*** Opening of TASK DATA ***

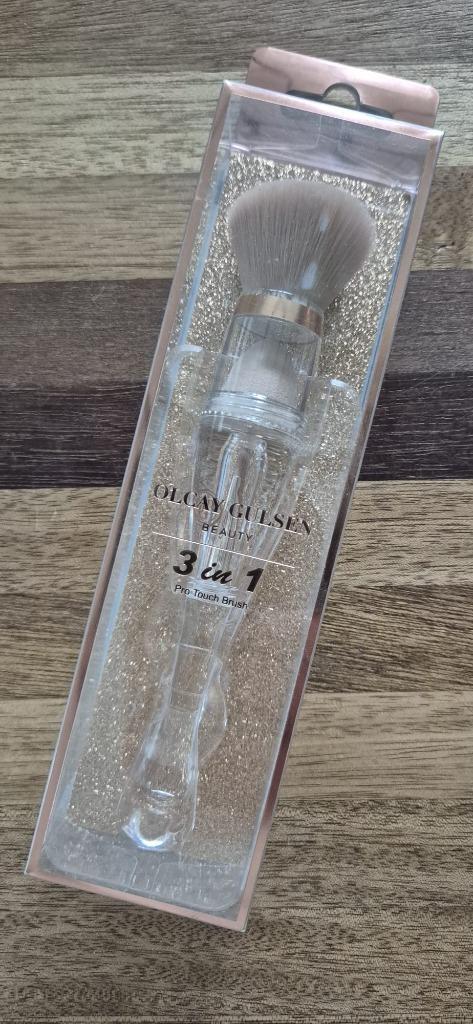 Olcay Gulsen - Three In One - Pro Touch Make Up Brush, Sieraden, Tassen en Uiterlijk, Uiterlijk | Cosmetica en Make-up, Nieuw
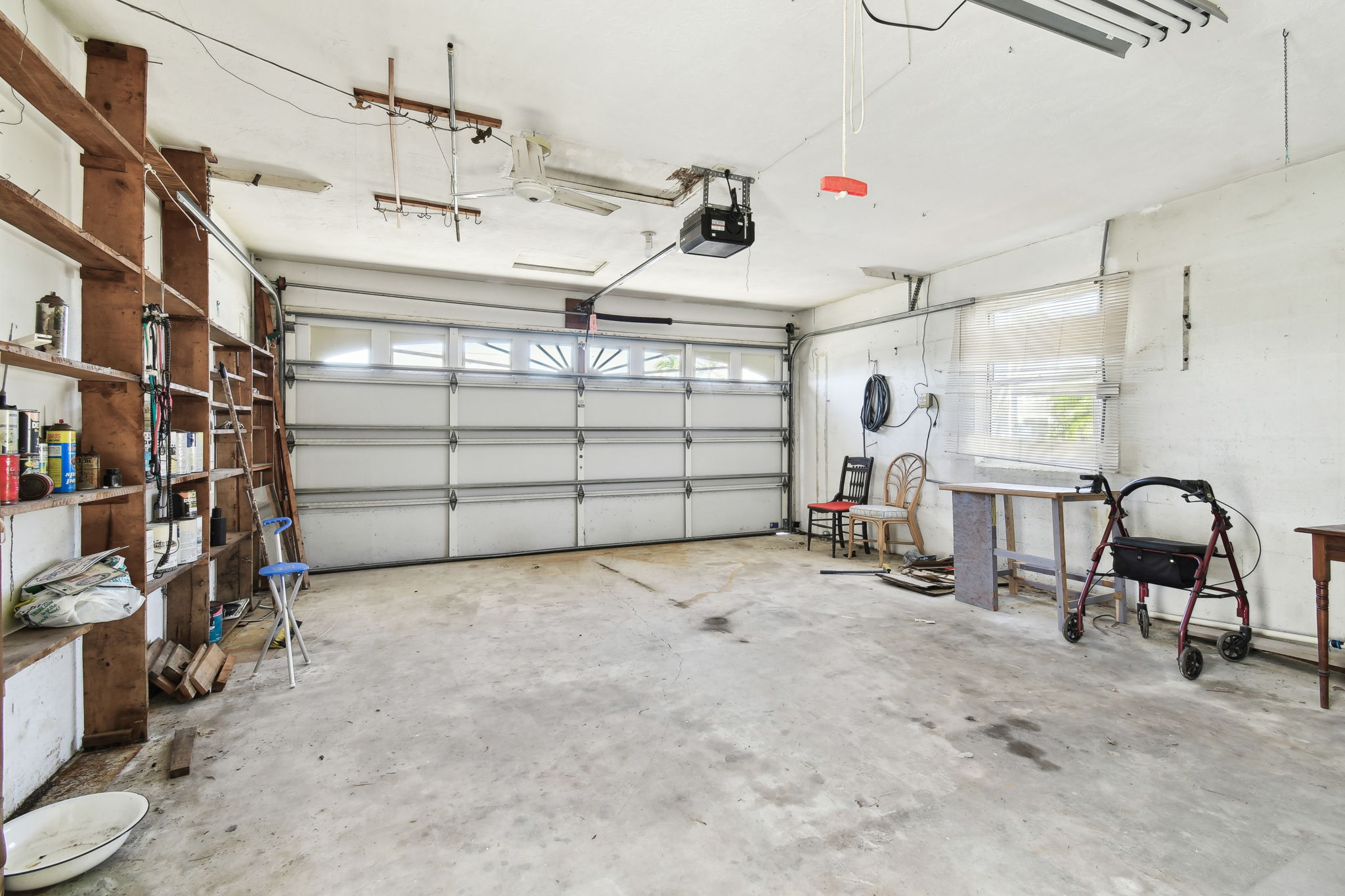 Madeira Beach, Florida, 33708, United States, 3 Bedrooms Bedrooms, ,2 BathroomsBathrooms,Residential,For Sale,1943278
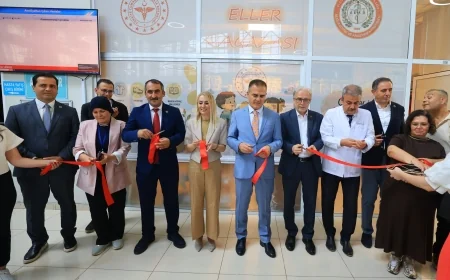 HASTANEDE İHTİYAÇ SAHİBİ ÇOCUKLAR İÇİN “MİNİK ELLER MAĞAZASI” AÇILDI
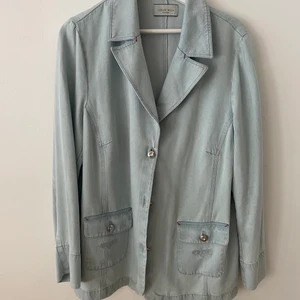 Jeansjacka - Säljer en superfin vintage jeansjacka!! Superfint skick💘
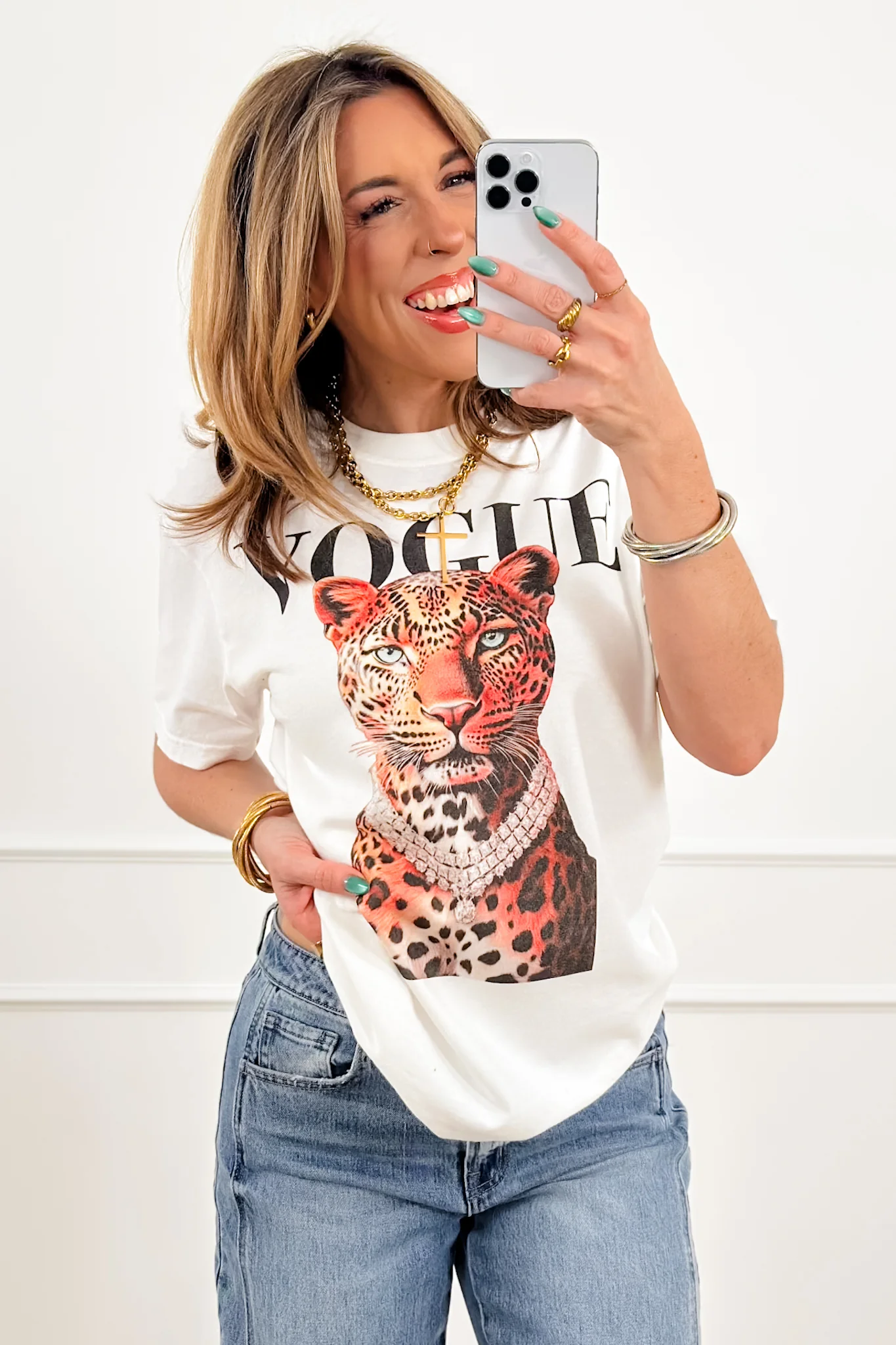 Plus/Reg Short Sleeve "Vogue" Graphic Tee - Image 4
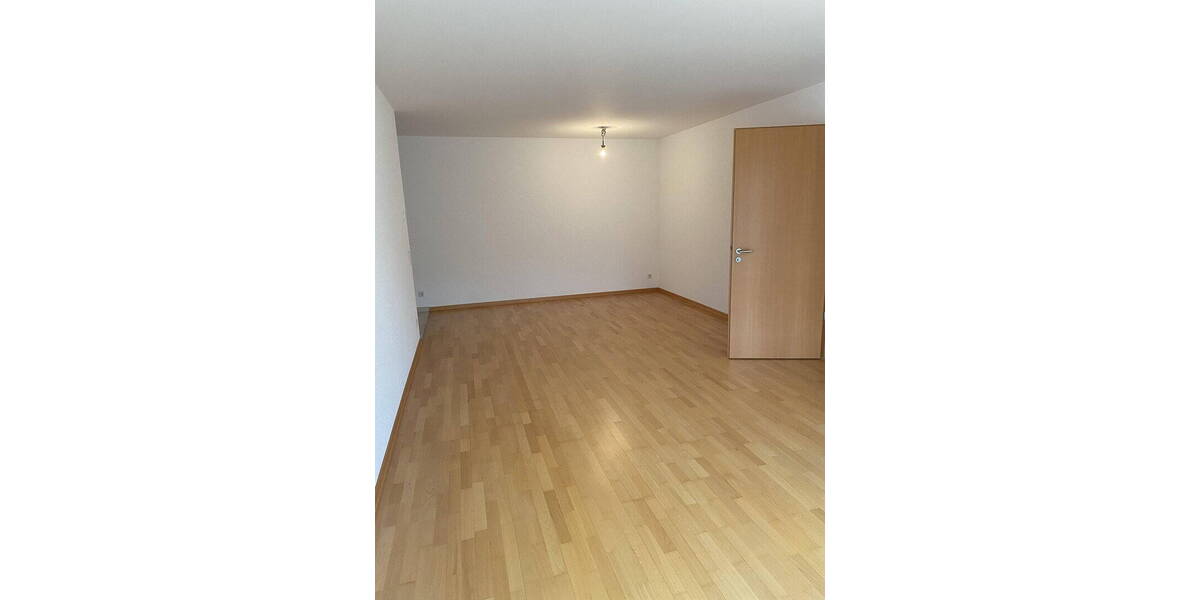 Etagenwohnung Ilsfeld Helfenberg - 2 Zimmer, 66 m&sup2;, 870&euro; | Angebot:26531352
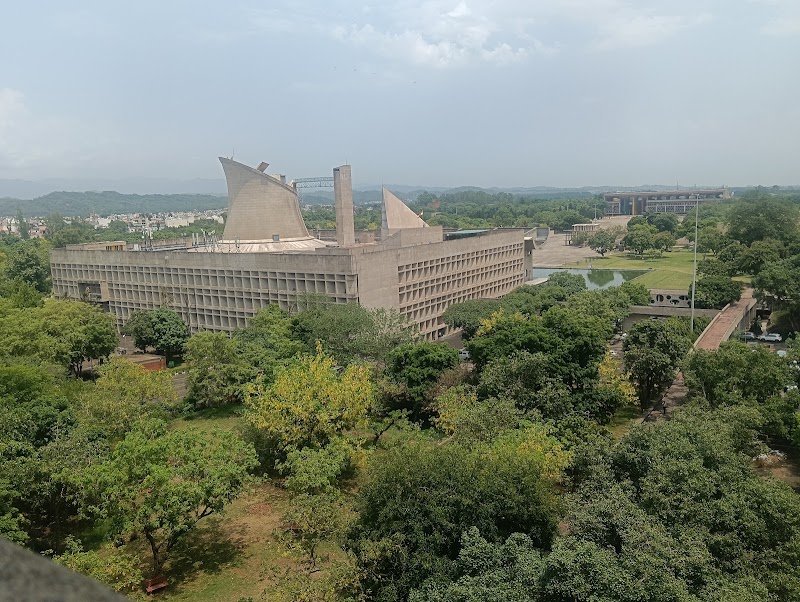 Capitol Complex Tourist Center - Capitol Complex Tourist Center HIGH COURT, Capitol Complex, सेक्टर 1, Chandigarh, चंडीगढ़ 160001, India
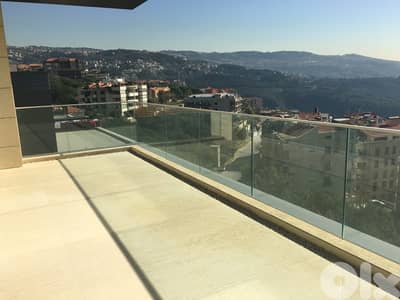 شقة للايجار في المونتيقردي Decorated Apartment for rent in Monteverde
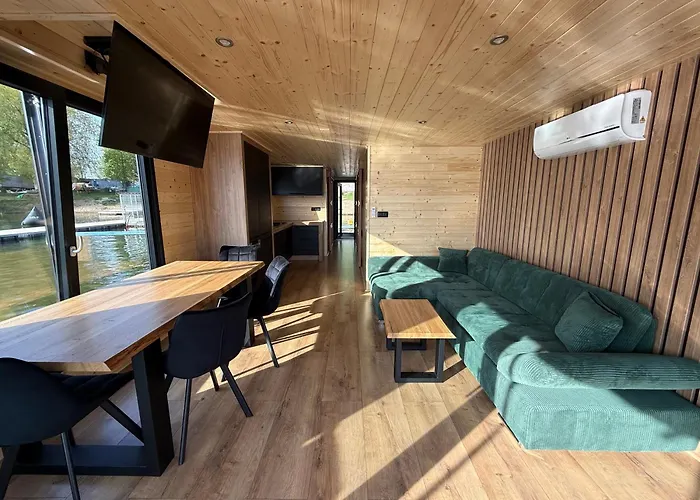 House Boat S Vyhledem Na Wake Port * Brandýs nad Labem-Stará Boleslav
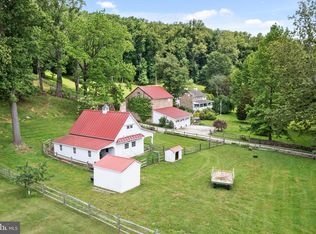 1129 Davis Ln, Chester Springs, PA 19425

*** Close of TASK DATA ***

■ WHAT THIS TASK INVOLVES:
Leave the pictures aside and transcribe only the lines from the one holding "Madeira Beach, Florida, 33708, United" through the final line of the records above.

■ FINAL ANSWER:
 Madeira Beach, Florida, 33708, United States, 3 Bedrooms Bedrooms, ,2 BathroomsBathrooms,Residential,For Sale,1943278
 HASTANEDE İHTİYAÇ SAHİBİ ÇOCUKLAR İÇİN “MİNİK ELLER MAĞAZASI” AÇILDI
 Jeansjacka - Säljer en superfin vintage jeansjacka!! Superfint skick💘
 Plus/Reg Short Sleeve "Vogue" Graphic Tee - Image 4
 Etagenwohnung Ilsfeld Helfenberg - 2 Zimmer, 66 m&sup2;, 870&euro; | Angebot:26531352
 Capitol Complex Tourist Center - Capitol Complex Tourist Center HIGH COURT, Capitol Complex, सेक्टर 1, Chandigarh, चंडीगढ़ 160001, India
 شقة للايجار في المونتيقردي Decorated Apartment for rent in Monteverde
 House Boat S Vyhledem Na Wake Port * Brandýs nad Labem-Stará Boleslav
 1129 Davis Ln, Chester Springs, PA 19425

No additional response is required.